But it may not really matter.

“There is little policy makers can to do tame the effects of the global financial cycle on gross private capital inflow,” Erlend Nier, Tahsin Saadi Sedik and Tomas Mondino write in a new paper published by the IMF.

The three economists found that when the market’s fear gauge, the VIX, is high, foreign investors sell off without much discrimination. “During periods of stress, the VIX becomes the dominant driver of capital flows while other determinants, with the exception of interest rate differentials, lose statistical significance,” they said.

The IMF economists said that effect only increases the more a country allows free-flowing investment flows, or an open capital account, a key tenet advocated by the U.S., Europe and other major industrialized nations. Controls on cross-border investments only have marginal effects, they said. And if authorities use the tool with the biggest impact–interest rates–to counter “hot” flows, “it may also be damaging the domestic economy.”

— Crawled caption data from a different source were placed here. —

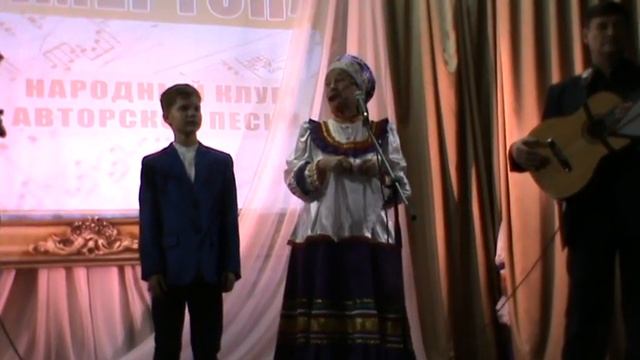Заключительная песня на отчетном концерте НКАП "Камертон"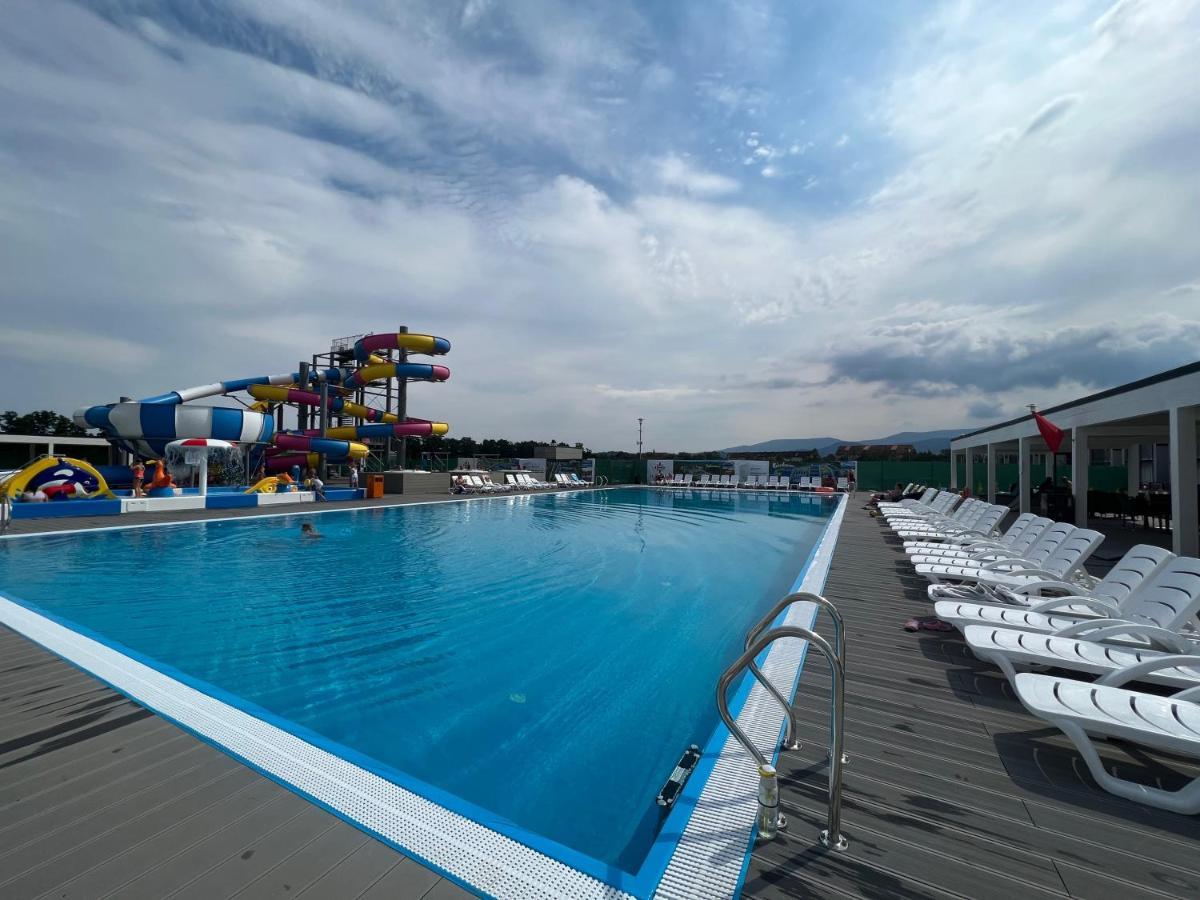 Holiday Park & Resort Cieplice Zdroj 옐레니아구라 외부 사진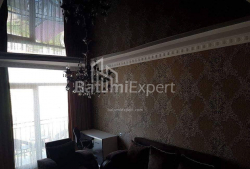 Квартира 3-комн 76 м² - Юрьевская, Батуми
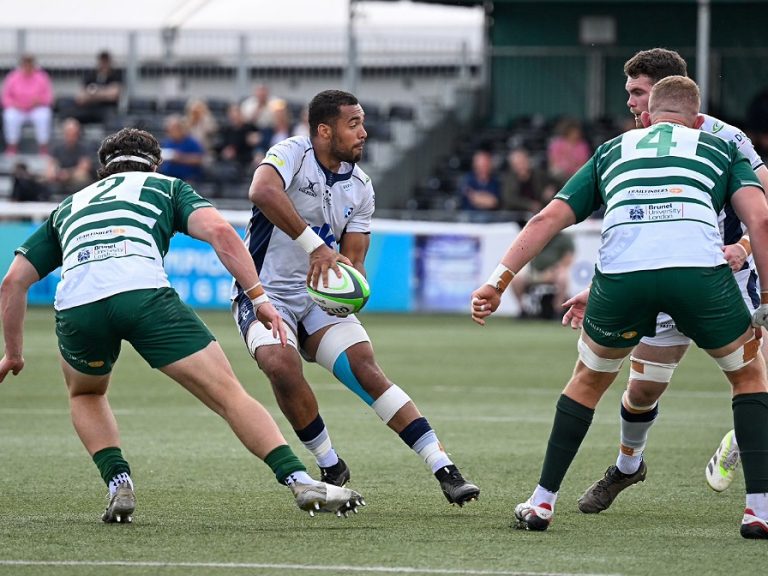 Cameron King in action for Bedford Blues at Ealing in May 2024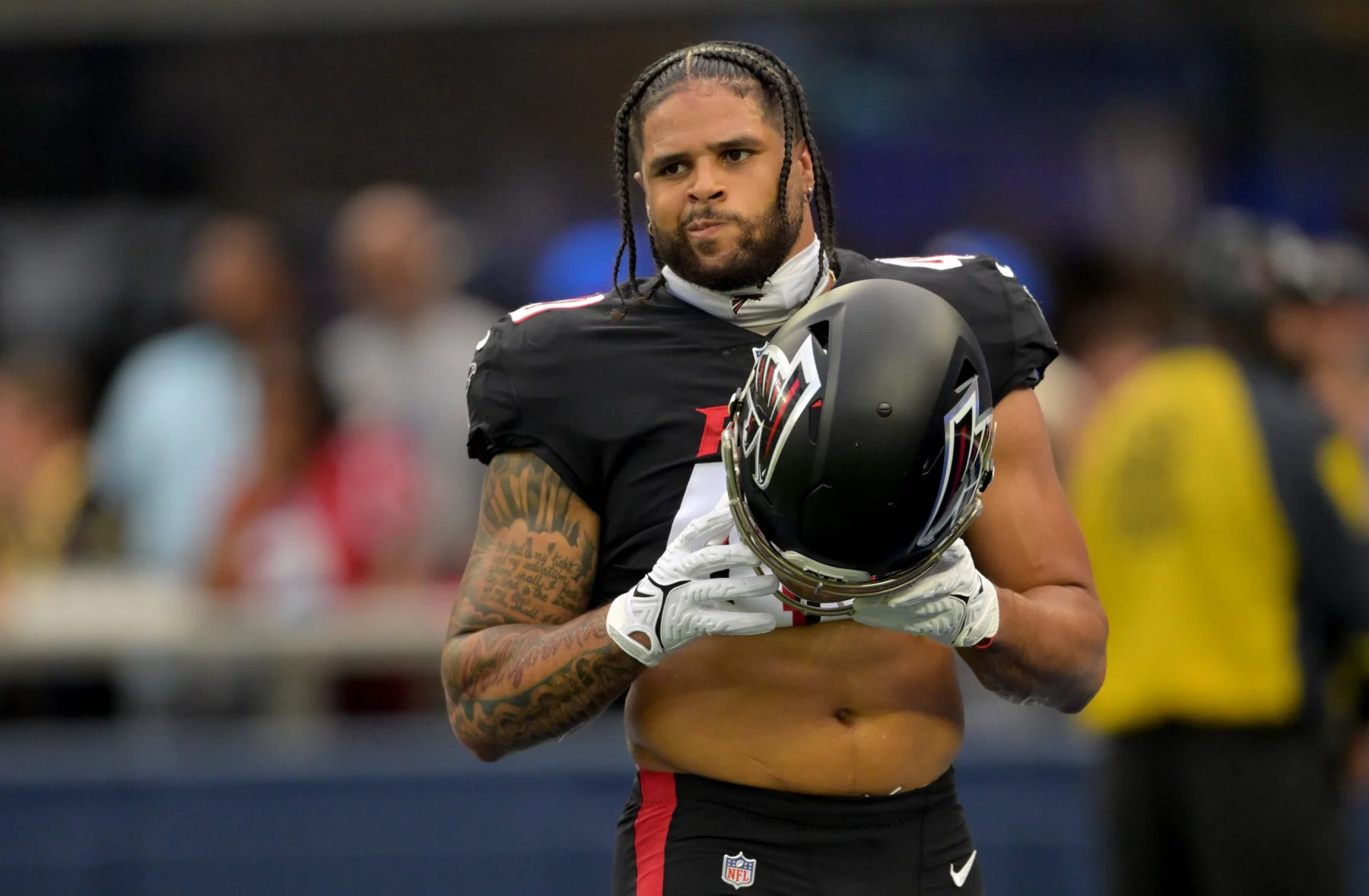 NFL, American Football Herren, USA Atlanta Falcons at Los Angeles Rams, Sep 18, 2022 Inglewood, California, USA Atlanta Falcons fullback Keith Smith 40 warms up before the game against the Los Angeles Rams at SoFi Stadium. Mandatory Credit: Jayne Kamin-Oncea-USA TODAY Sports, 18.09.2022 12:22:02, 19073256, Los Angeles Rams, NPStrans, NFL, Keith Smith, Atlanta Falcons PUBLICATIONxINxGERxSUIxAUTxONLY Copyright: xJaynexKamin-Onceax 19073256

Take the so-called “taper tantrum” that rocked emerging markets across the board last year after U.S. Fed officials changed market expectations about U.S. interest rates. In the weeks that followed the Fed’s May signaling, equity, bond and currency markets in industrializing nations plummeted, some losing more than 20% of their value, as investors pulled out cash.

“A substantial part of the flows could not be explained by emerging market’s economic fundamentals,” the IMF said in a review of the episode.

After the initial shock, the IMF and the Institute of International Finance argue that investors showed increasing discrimination between those economies that had better balance sheets and healthier growth fundamentals and those that didn’t. Since then, exchange rates, debt pricing and equity values in countries with weaker economic fundamentals and questionable balance sheets have seen the value of their currencies fall much faster and farther than those with healthier economies.

But the first round of selling hit pretty much all emerging markets as investors shied away from potential risk and put their cash into U.S. treasuries and other assets considered relatively safer bets in July 2013.

Hung Tran, executive managing director at the IIF, said data since then shows declining correlation of asset valuations among emerging markets, reflecting more differentiation by investors.

“Good policy matters, helping to contain the volatility of capital flows which has been at times a challenge to emerging market policy makers,” he said in a recent note to the IIF’s members, 500-plus of the world’s largest private financial institutions.

A main problem, says Mohamed El-Erian, chief economic advisor at Allianz, is what he calls “tourist dollars” that dominate investment in developing countries.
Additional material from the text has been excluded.